Secondary storage is much slower than main memory but provides the permanence and capacity that volatile main memory cannot.
EEPROM: Electrically erasable programmable read-only memory; nonvolatile storage that can be rewritten but infrequently. Used for firmware and system configuration.
Secondary Storage: Long-term storage (hard drives, SSDs) that persists across power cycles and holds programs and data until they are loaded into main memory.
The Storage Hierarchy
Computer storage systems organize into a hierarchy based on speed and capacity:
| Level | Type | Speed | Capacity | Volatility |
|---|---|---|---|---|
| Registers | On-CPU | Fastest | Smallest | Volatile |
| Cache | On/Near-CPU | Very Fast | Small | Volatile |
| Main Memory (RAM) | DRAM | Fast | Medium | Volatile |
| Nonvolatile Memory | Flash/SSD | Medium | Large | Nonvolatile |
| Hard-Disk Drives | Magnetic Disk | Slow | Very Large | Nonvolatile |
| Optical Media | CD/DVD | Very Slow | Medium | Nonvolatile |
| Magnetic Tape | Tape Archive | Very Slow | Huge | Nonvolatile |
The fundamental trade-off: storage that is faster tends to be smaller and more expensive, while storage that is larger tends to be slower and cheaper. This is why systems employ all these layers—to balance performance with cost and capacity.
Volatile storage (registers, cache, main memory) loses its contents when power is removed. Nonvolatile storage (secondary storage, tertiary storage) retains data indefinitely. For this reason, important data must be written to nonvolatile storage for safekeeping.
The top four levels of the hierarchy are constructed from semiconductor memory—electronic circuits built from semiconductor materials. Nonvolatile memory (NVM) devices, particularly flash memory, are faster than traditional hard disks and increasingly common in modern systems (SSDs, USB drives, smartphone storage).
Storage Hierarchy: The organization of memory systems from fastest/smallest (registers) to slowest/largest (magnetic tape), with each level serving different performance and capacity needs.
📝 Section Recap: Main memory is fast but volatile and limited; secondary storage is large and permanent but slow. Computers organize storage into a hierarchy from registers through tape, balancing speed, capacity, cost, and permanence. Data must be written to nonvolatile storage to survive power cycles.
Computer-System Architecture: Single vs. Multiple Processors
Single-Processor Systems
Historically, most general-purpose computers had a single processor—one CPU and a single main memory connected to controllers for devices like disks and printers.
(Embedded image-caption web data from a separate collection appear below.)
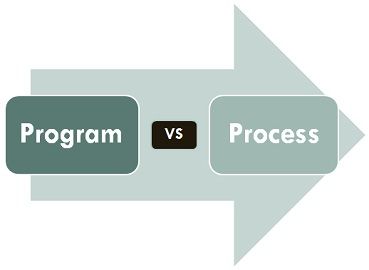 Program vs Process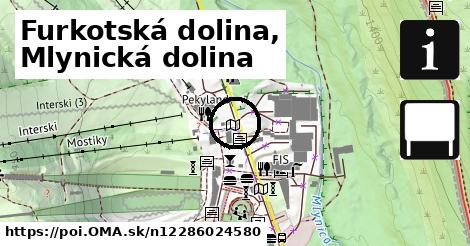 Furkotská dolina, Mlynická dolina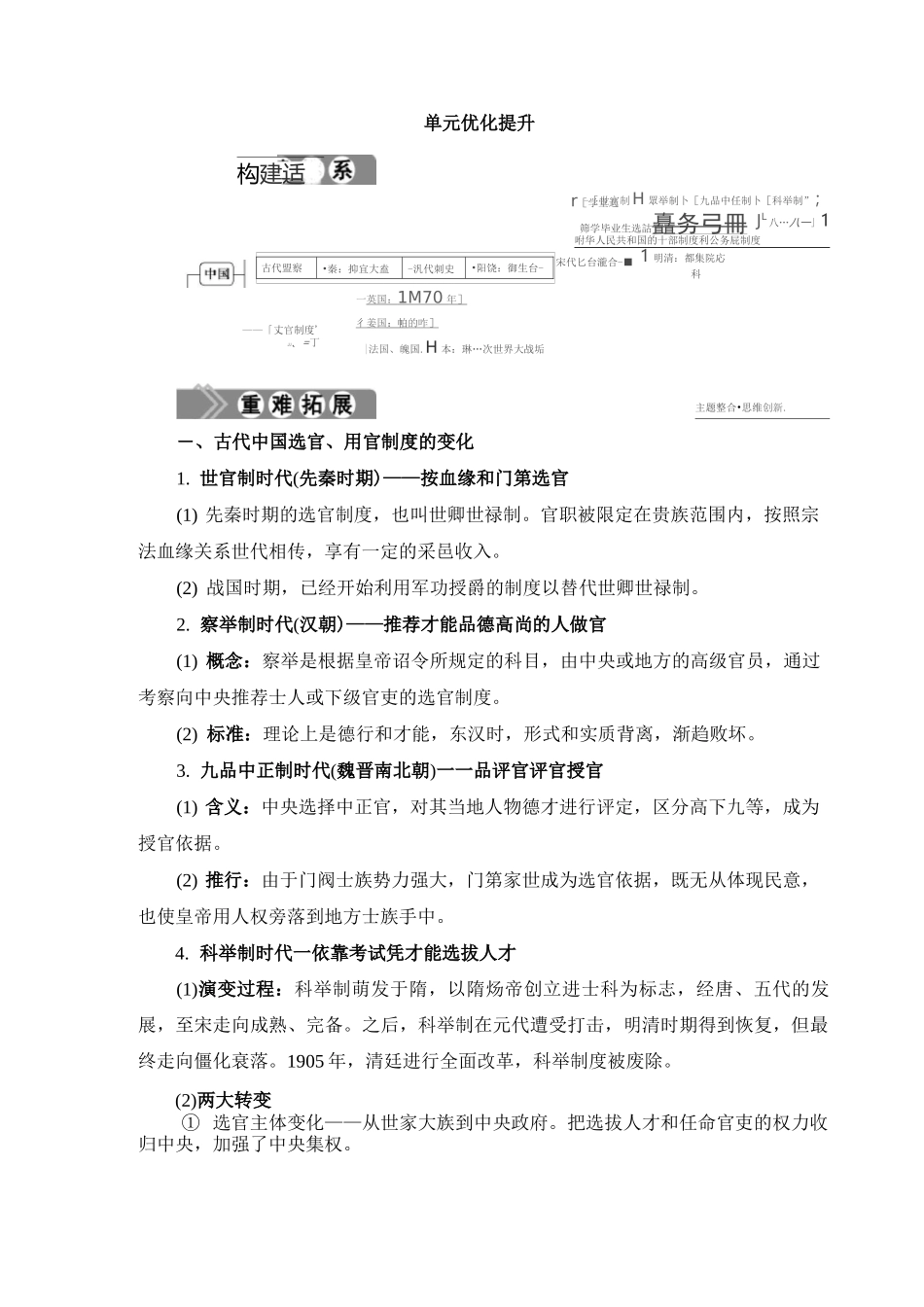 高中历史选择性必修一单元优化提升 (3)_第1页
The operating system and user programs all competed for this one CPU's attention.
In these systems, context switching (the OS saving one program's state and loading another's) happened frequently but serially—the CPU could only execute one program's instructions at a time. However, through clever scheduling, the OS could create the illusion of parallelism, allowing multiple programs to seem to run simultaneously.
Multiprocessor Systems
Modern systems often contain multiple processors. This represents a major architectural shift with significant advantages and challenges.
Multiprocessor System: A computer with two or more processors, each capable of independent execution.
Advantages:
- Increased throughput: Multiple CPUs can truly execute instructions in parallel, doing more work in the same time
- Economy of scale: Sharing memory and peripherals is cheaper than multiple single-processor systems
- Increased reliability: If one processor fails, the system can continue operating (graceful degradation)
Two main multiprocessor designs:
1. Symmetric Multiprocessing (SMP)
In an SMP system, all processors are equal and can access shared main memory and I/O devices. Each processor has its own registers and cache, but they all see the same shared memory. An SMP system might have two or four processors that work cooperatively.
The challenge is synchronization: when multiple processors access the same memory locations, careful coordination prevents race conditions where inconsistent reads/writes corrupt data. Atomic operations and locks become essential.
2. Asymmetric Multiprocessing
In asymmetric systems, processors are not equal. One "master" processor controls the system, assigns tasks to other "slave" processors, and handles all scheduling decisions. This is simpler to program but less efficient, as the master becomes a bottleneck.
Modern systems strongly prefer SMP because of its efficiency and scalability.
Multicore Systems
Multicore processors place multiple processor cores on a single chip, each with its own registers and cache but sharing a system bus to memory. A computer might have a single multicore processor (e.g., a dual-core smartphone CPU) or multiple multicore processors (e.g., a server with four 16-core processors = 64 cores total).
Multicore Processor: A single physical processor containing multiple independent execution cores, each capable of executing instructions.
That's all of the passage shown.